Morré [9] reported atrophic changes and discrete or marked dilation, fragmentation and partial disappearance of Golgi stacked cisternae in human congenital hydrocephalus. Salehi et al. [10] found smaller Golgi apparatus in Alzheimer's disease. Stieber et al. [11] described atrophic and fragmentation of Golgi apparatus in Alzheimer’s disease. Fragmentation of Golgi apparatus of human spinal motor neurons has been also reported by Tascos et al. [12] in amyotrophic lateral sclerosis, leptomeningeal limphoma, leukemia and multiple myeloma. In global brain ischemia and reperfusion, the Golgi cisternae were reported by Rafols et al. [13] as shorter and widely dilated. The Golgi complex was fragmented into vacuoles, membranous whorls, and exhibiting dense aggregates of coalescent smooth vesicles. Xu et al. [14] demonstrated that activation of endogenous protein kinase C regulates the formation of Golgi secretory vesicles in Alzheimer's disease. Harada et al. [15] reported Golgi vesiculation and lysosome dispersions in cells lacking cytoplasm dynein. Mourelatos et al. [16] and Fujita et al. [17-19] reported fragmentation of Golgi apparatus in patients with familiar amyotrophic lateral sclerosis, and in transgenic mouse expressing mutant Cu, Zn superoxide dismutase. Greenfield et al.[20] described the generation and accumulation of beta amyloid peptides in the trans-Golgi network and vesicles. Elyaman et al.[21] reported Involvement of glycogen synthase kinase-3beta and tau phosphorylation in neuronal Golgi disassembly.

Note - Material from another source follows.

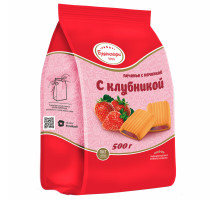 Печенье сдобное БРЯНКОНФИ с клубничной начинкой, 500 г, УТ-00028797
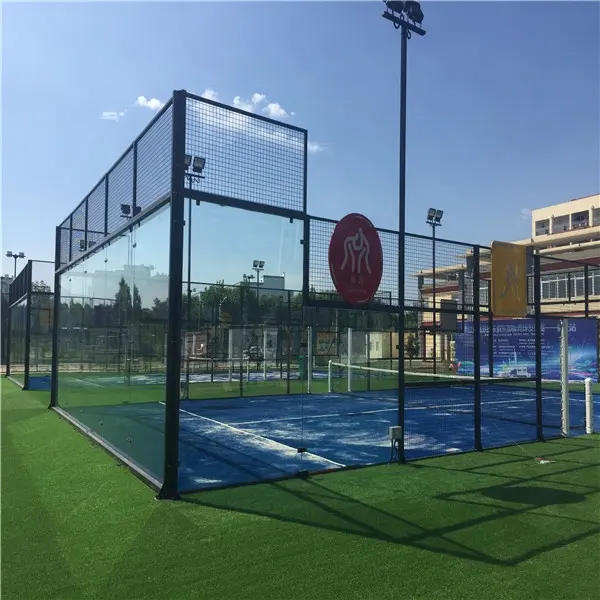 Sports 12mm Artificial Turf Padel Full Panoramic Tennis Court Tennis Equipment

Sakurai et al. [22] observed fragmentation of Golgi apparatus in ballooned neurons from patients with corticobasal degeneration and Creutzfeldt-Jacob disease. Takamine et al. [23] described normal-looking patterns, fragmentation, reduction in number, and aggregation of Golgi complex in human olivary hypertrophy. Stieber et al. [24] reported in Alzheimer's disease the Golgi apparatus appeared fragmented in the form of small, round, disconnected and dispersed elements. Dubelaar et al. [25] found increased metabolic activity in the nucleus basalis of meynert neurons in elderly individuals with mild cognitive impairment as indicated by the size of Golgi apparatus. Yaguchi et al. [26] reported reduction of Golgi apparatus in X-linked spinal and bulbar muscular atrophy. Yoshiyama et al. [27] found fragmentation and atrophy of Golgi apparatus in tau-induced degeneration in astrocytes. Sahashi et al. [28] suggested that Golgi apparatus is the target organelle in a subset of myopathies. Moldovan and Moldovan [29] considered that Golgi membranes are exquisitely sensitive to reactive oxygen species (ROS).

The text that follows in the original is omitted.